Dealing with site spam on Drupal (updated)


A constant annoyance with managing website today is the level of spam that comes in through comments, forum posts, contact requests, user registrations, etc, etc, etc... Not only can spam messages make your site look like crap, if you have any sort of comment reply notification (as this site has) you can end up emailing spam to your visitors, which will turn off a LOT of people. There are times when you don't seem to be getting much and then other times when it seems your site is being flooded with this junk - this week feels like the latter.

There are several ways of dealing with spam:

  1. Allow all content be automatically posted and moderate it after-the-fact,
  2. Manually approve every piece of content from unknown sources or unrecognized users,
  3. Add a plugin / code that blocks content based on certain keywords, e.g. swear words, references to Star Trek, etc.
  4. Add a plugin that requires some sort of identification that the visitor is a legitimate person rather than an automated program, dubbed CAPTCHA ("Completely Automated Public Turing test to tell Computers and Humans Apart"),
  5. Add a plugin / code that uses advanced algorithms to try to automatically detect spam,
  6. Add a plugin / code that identifies spam using distributed user actions, e.g. someone in a foreign country, like Alaska, sees that a message containing "Barney", "submarines", "camfires", "milkshakes" and "UFOs", they mark it as spam and that knowledge then helps identify similar content on your site.

So, the above is all wonderful, but where do you start? The first option above is messy as you end up with a lot of junk to deal with, the second one halts the natural flow of conversations as everything must be approved, and the third option is very limited - what if you *wanted* to discuss the effects of watching Barney-like dinosaur puppet TV shows on the reproductive cycle of goats, that conversation would be sure to cause a few messages to be blocked? So that leaves advanced solutions as the only viable options.

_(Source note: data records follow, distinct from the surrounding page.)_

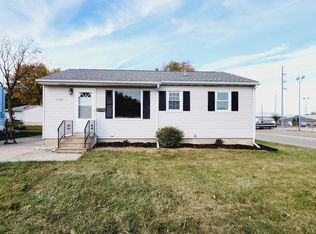 1102 Bauch St, Waterloo, IA 50701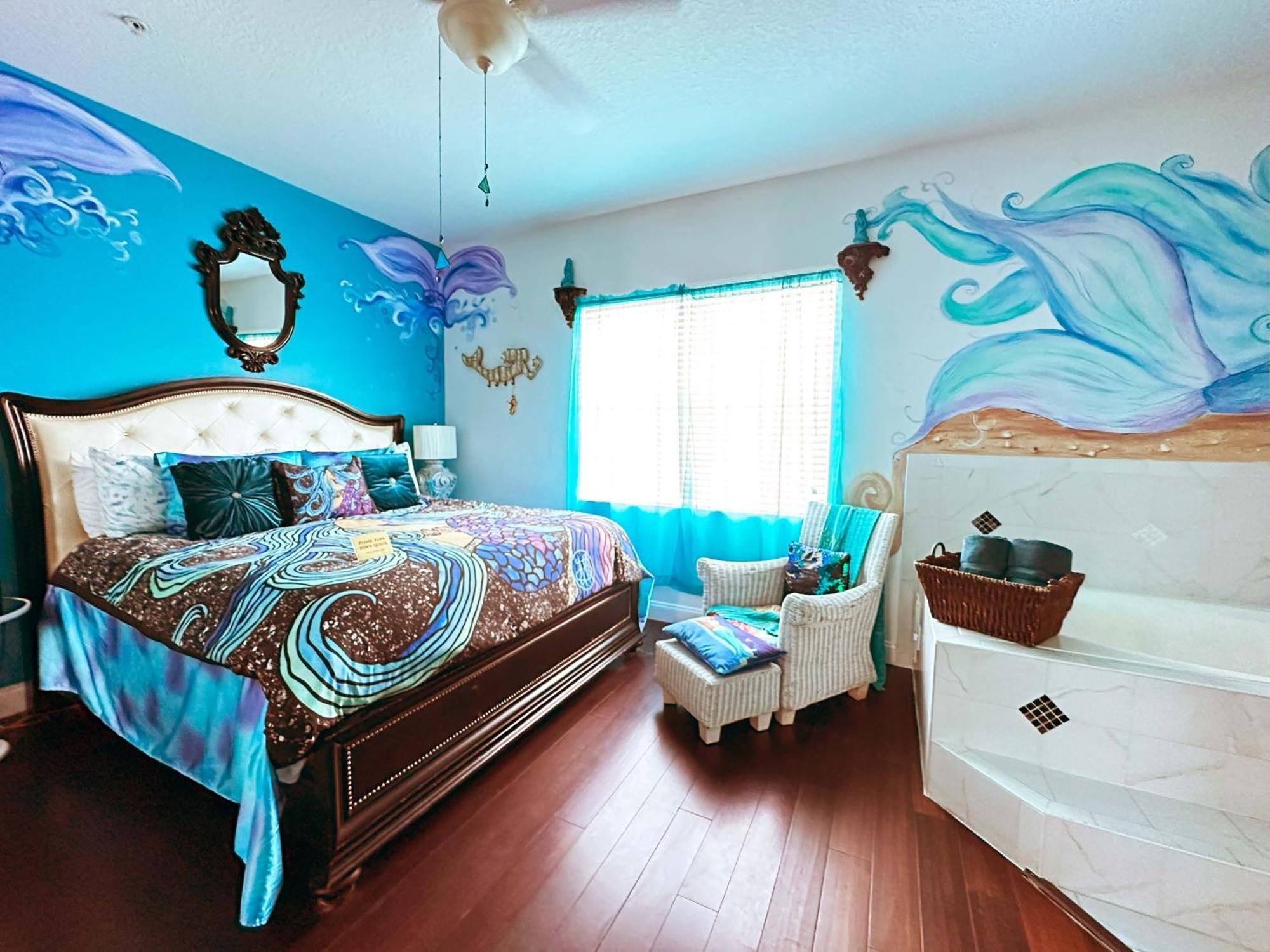 On The Avenue Bed & Breakfast 4*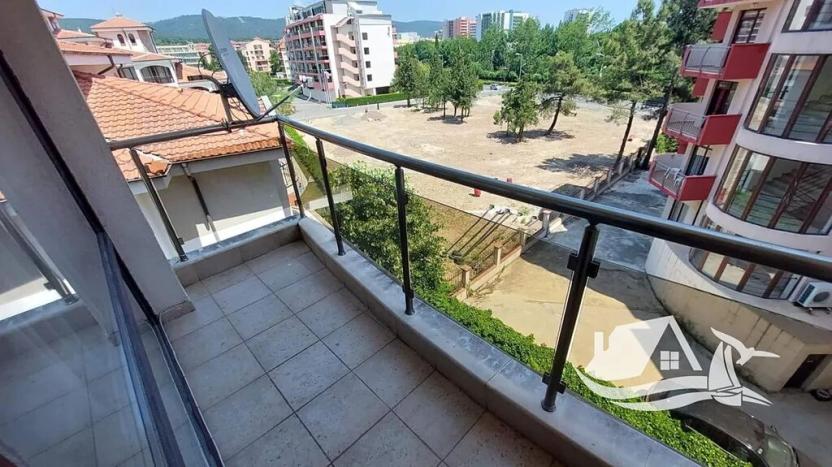 Prodej bytu 3+kk, Nesebar, Bulharsko, 93 m2
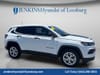 2 thumbnail image of  2024 Jeep Compass Sport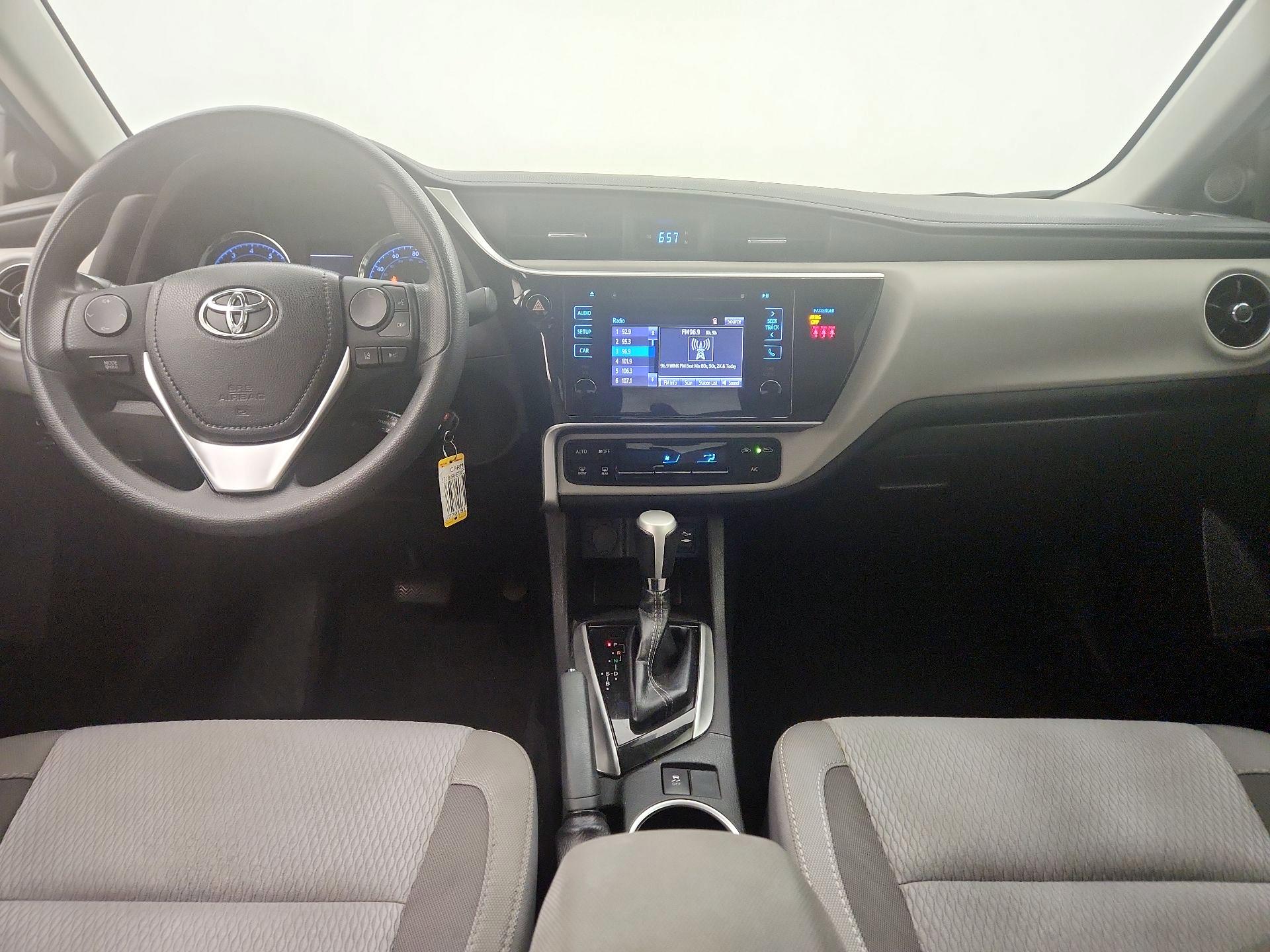 Thumbnail: 2019 Toyota Corolla - 9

For this site, which is built with the excellent content management system Drupal, I took a look at some different modules that cover some of these concepts. One in particular piqued my interest, a service built by the creator of Drupal, Dries Buytaert, called Mollom. Based on a combination of several of the above ideas, Mollom seems like it would be a great solution, and with a really good Drupal module available so I gave it a spin.

So cut to a year later and the Mollom service has been working really well, leaving almost no spam. Unfortunately in the past ten days it has failed almost completely with thirty to almost one hundred spam messages getting through daily, which is obviously not what I want.

As a result of the influx of spam getting past Mollom I've changed over to using a service called reCAPTCHA (some details on Wikipedia) which provides a simpler though more reliable CAPTCHA. Installation on Drupal is super-simple, you just install the CAPTCHA dependency and then install the reCAPTCHA module itself, sign up for the free reCAPTCHA service, do a little bit of configuration (admin/user/captcha) and then hopefully just forget about it.

I'll let you know how it goes.

UPDATE: Believe it or not but no sooner had I tweeted about this post than Dries himself responded! that after upgrading to the latest version it was necessary to reconfigure the module as it seems the settings structure changed. As a result I've switched back to Mollom to give it one last try. That said, I did suggest that an update script be added that leaves a message for the admin informing them of this. We'll see how it goes!

I'm not that guy


I wanted to share a bit of my philosophy with you.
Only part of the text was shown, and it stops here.